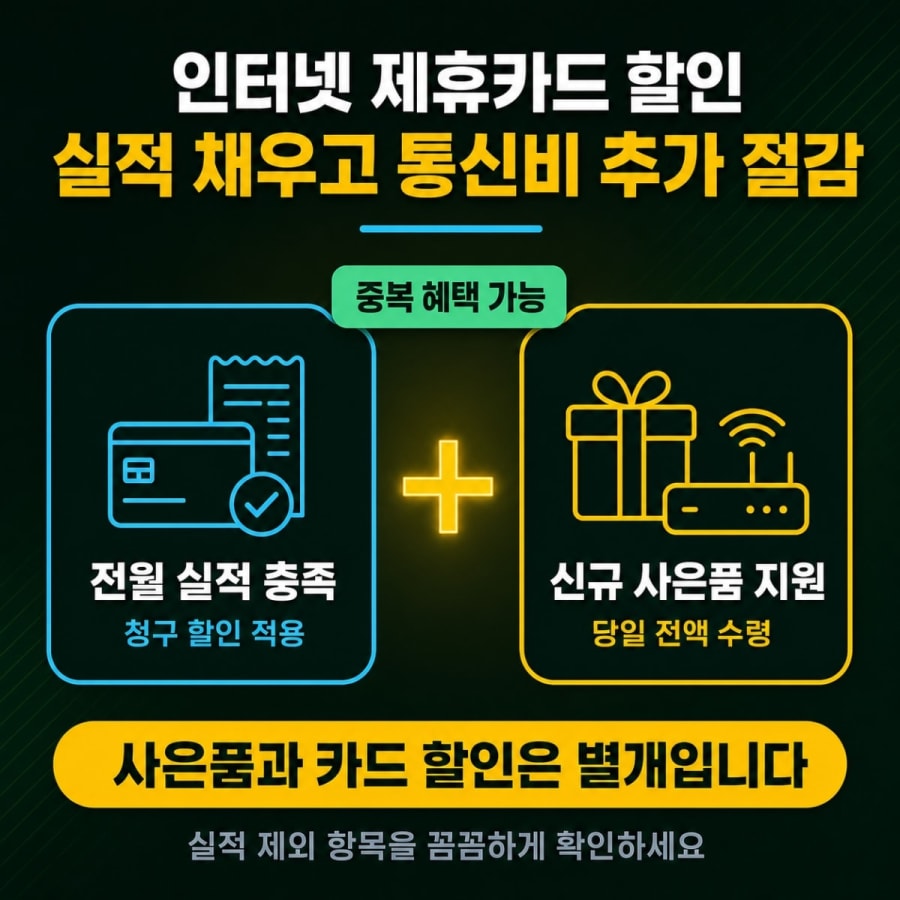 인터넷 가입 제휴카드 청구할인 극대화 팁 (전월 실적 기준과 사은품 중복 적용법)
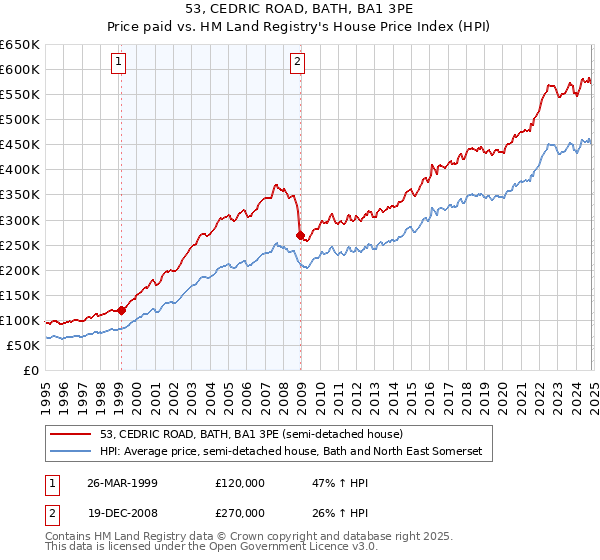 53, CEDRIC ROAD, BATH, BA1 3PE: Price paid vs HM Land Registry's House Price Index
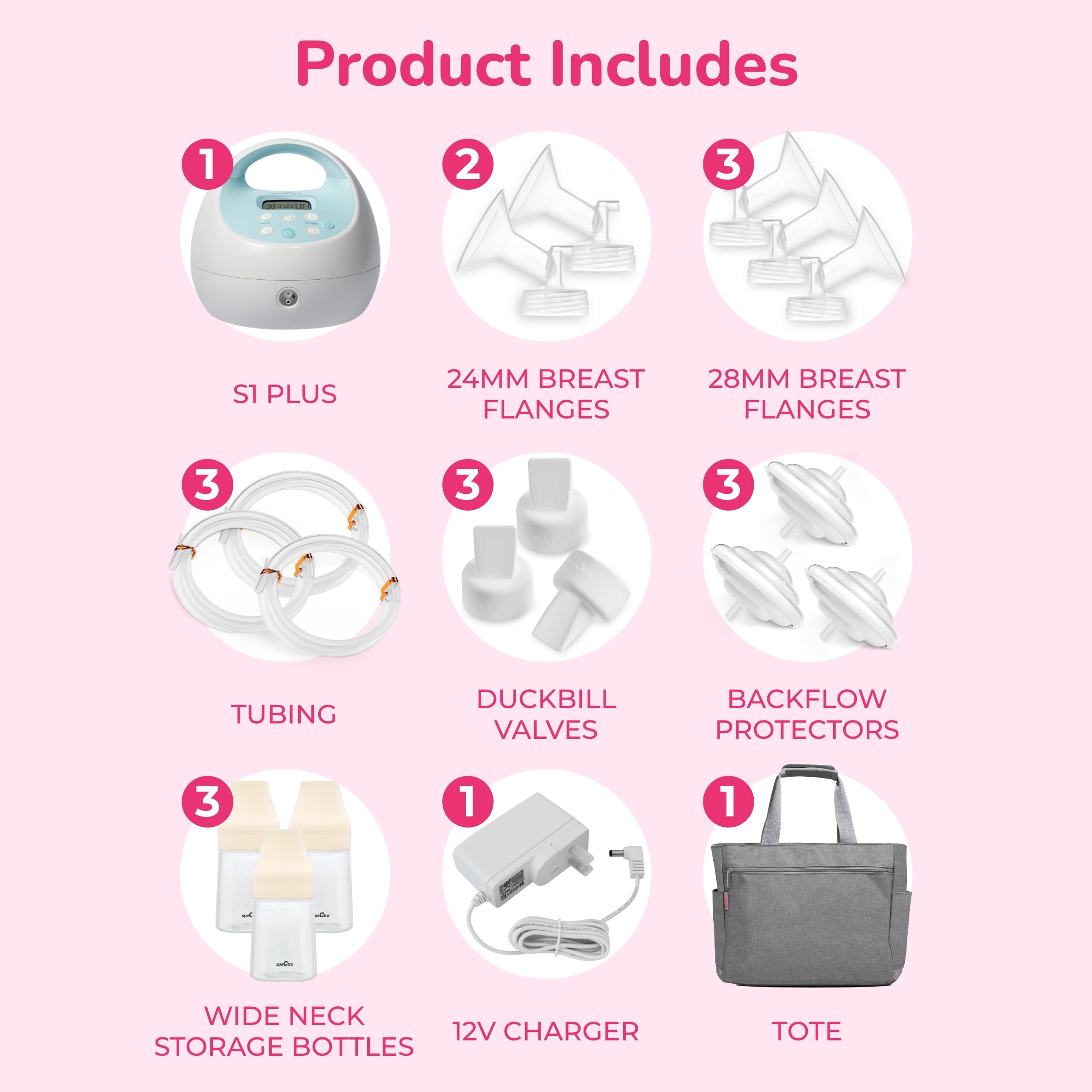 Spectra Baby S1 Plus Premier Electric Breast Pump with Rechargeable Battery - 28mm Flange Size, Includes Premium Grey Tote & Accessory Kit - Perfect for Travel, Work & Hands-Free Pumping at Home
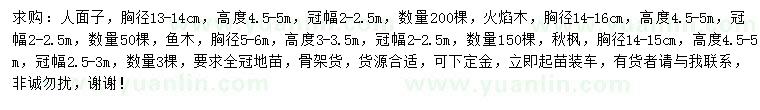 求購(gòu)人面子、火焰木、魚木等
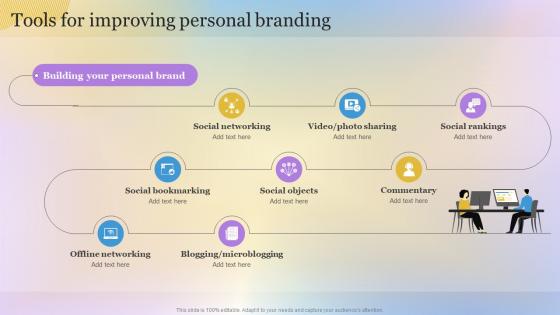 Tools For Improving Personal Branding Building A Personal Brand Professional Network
# # # # #
= WHAT TO DO =
Here the job is to quote the lines from the one with "53, CEDRIC ROAD, BATH, BA1" through the end of the material, both included, exactly; please skip the pictures.

= ANSWER =
 53, CEDRIC ROAD, BATH, BA1 3PE: Price paid vs HM Land Registry's House Price Index
 Spectra Baby S1 Plus Premier Electric Breast Pump with Rechargeable Battery - 28mm Flange Size, Includes Premium Grey Tote & Accessory Kit - Perfect for Travel, Work & Hands-Free Pumping at Home
 求購(gòu)人面子、火焰木、魚木等
 Tools For Improving Personal Branding Building A Personal Brand Professional Network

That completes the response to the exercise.